What are some seemingly Strange or Irrelevant Job Interview Questions you have been asked recently?
Creative, odd and irrelevant-sounding questions have been asked before, but in the 2010s, I think some may be more unexpected than usual, from what I've briefly heard. Is it a trend?
I was once asked, in the middle of a very serious interview, "So, tell me a joke that makes you laugh". At the time I was sitting at the far end of a long boardroom table with 6 people in suits and serious expressions facing me. We had spent the previous half hour dissecting my previous work experience and discussing potential work projects. Talk about being thrown a curveball!
Q.) Are you on FaceBook? I'd like to learn more about you.
A.) No, but I still use AOL Instant Messenger if that helps.
Even though my FB account is locked down pretty good and I typically don't post personal stuff I'd rather not chance it.
I was asked if I was popular in high school. Like that was sooooo long ago and far away....
I was asked during one interview to put together a wooden childrens puzzle while being timed. The interviewers asked me if I thought it was strange. It was definitely nothing I had expected, but I could see their logic. The position was an admin job in an emergency room. They wanted to see how well I could perform and stay coordinated under pressure. Ithought I did pretty well... No. I didn't get the job. /
I joined a colleague for an impromptu 2-person panel interview once on a guy who was on his second round of interviews. I was the third person to enter the room and I took my seat at the table. Halfway through the interview, my colleague suddenly blurted out to the guy getting interviewed, "I wanna know two things: 'do you like to bang women and do you like to drink beer'?" He counted these two items off on his fingers. The color left my face and I couldn't believe it. I was trying hard not to laugh. I tried to protect him by immediately asking a different question, but he then pointed at me and said "this guy here likes to wear PINK" (I was wearing a men's pink dress shirt). I know he thought he was being relaxed and boisterous, but he was asking the interviewee details about his sexual orientation. I realized that day that my very masculine friend sitting next to me was probably the only gay man in the room. When the interviewee was finished and he went in to do his HR interview and was asked, "Of what achievements are you most proud?" he felt the need to say, "Getting my future wife to go on our first date". I guess he thought something like that was important at our company, but his dumb answer cost him the job. My colleague wanted to hire the guy. I voted the guy down because he laughed when my pink shirt was pointed out.
A few years ago at an interview I was asked, "What book is on your bedside table?"

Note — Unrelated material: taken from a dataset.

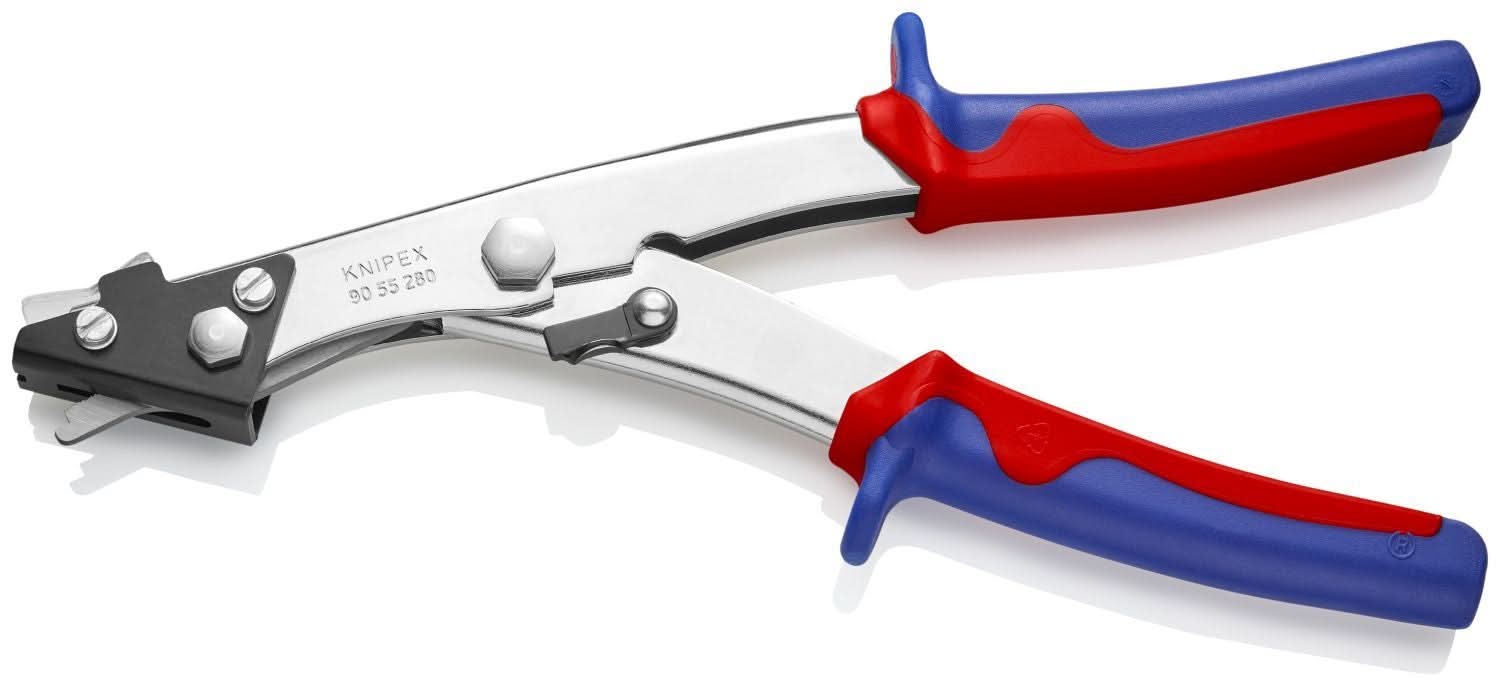 Knipex 90 55 280 Sheet Metal Nibblers - Image 3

I talked about my love of books and what fiction I was reading at the time, but didn't get the job-- even though I felt I was more qualified than the other candidates. Later I found out it was a religious school... and I didn't mention THAT book.
I was asked about my favorite movie (The Color Purple) during my interview for this position. It actually broke the ice a bit more and helped me relax during what turned out to be a two hour process!
You want a story? I'll give you a good interview question that made me crazy for days.
I was on a technical interview and the interviewer asked me this:
"Pick a state and pick a number." (I said New Jersey and 200,000)
"You are in a city in New Jersey that has a population of 200,000 people. How many barbers are there?"
Okay, I promise, I'm not going to rant on how these pompous idiots torture people who are just looking for a job with insane questions but I'll tell you that the object of the question is to see how you think.
My answer was, "Given that hair grows at approximately half an inch per month and that most people don't feel they need a hair cut until their hair reaches an inch longer than normal then people go to the barber once a month. The average work day is eight hours including lunch (as defined by OSHA) and it should take an average barber approximately a half hour to cut one person's hair - meaning that they can cut 14 people a day. Assuming that people are going to have their haircut locally and that their are a percentage say (10%) of people who are bald and don't require haircuts that 20,000 people don't go - leaving 180,000 who require haircuts every two months or 61 days. 1 barber can cut 854 people for two months. 854 into 180,000 is 210. Approximately 210 barbers for that city."
If you were an animal which animal would you be...all I could think was really, are you serious??
I agree - I think it's a silly question left over from elementary school and junior high. In fact, we WERE asked that in 7th grade. It was supposed to be a psychological kind of analysis,and a writing prompt as well, but I never found it useful.